# Information supplied:
┏━━

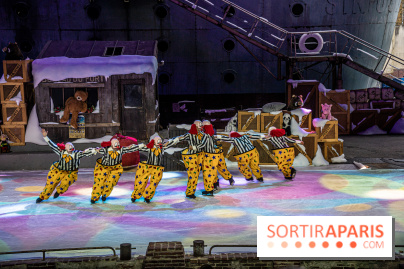 Noël Parc Astérix 2022, les animations - spectacle noel - patinage - Qui veut la peau du Père Noël ?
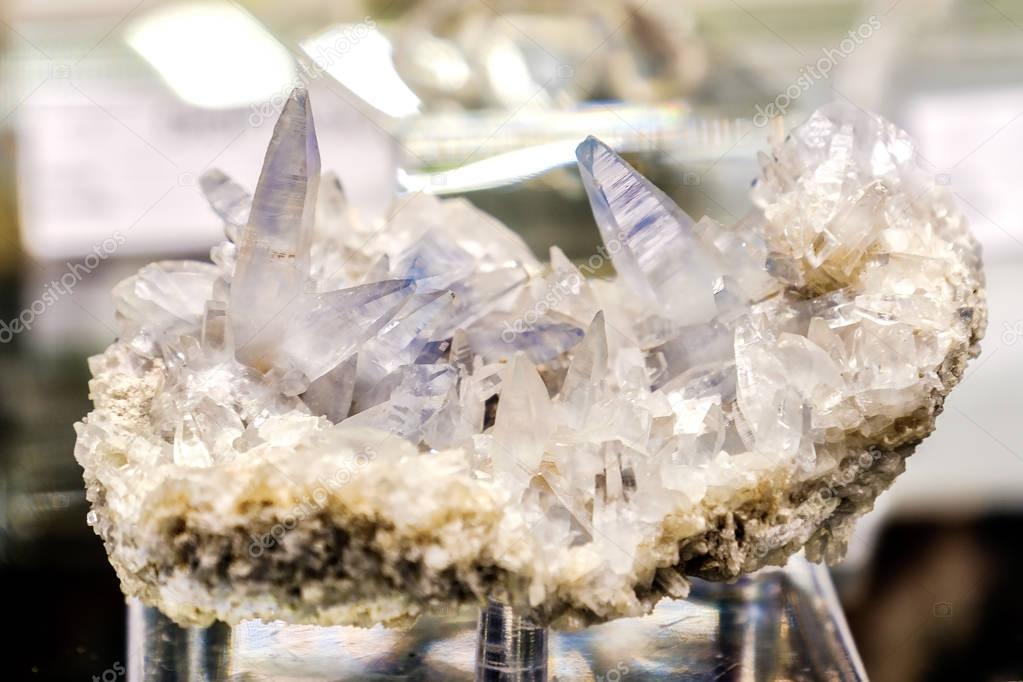 celestine mineral madagascar blue crystal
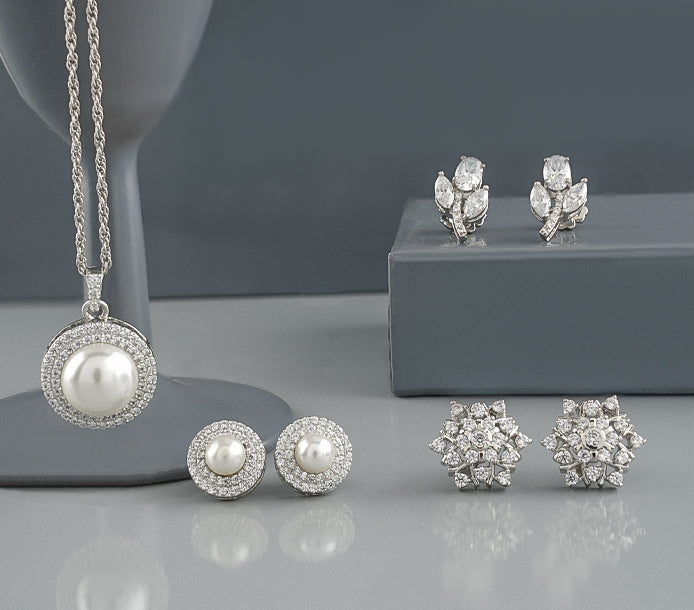 92.5 Gold Plated Indian Silver Jewellery Online - The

┗━━

# Work request:
Pictures aside, reproduce the listing above exactly.

# Response to this task:
 Noël Parc Astérix 2022, les animations - spectacle noel - patinage - Qui veut la peau du Père Noël ?
 celestine mineral madagascar blue crystal
 92.5 Gold Plated Indian Silver Jewellery Online - The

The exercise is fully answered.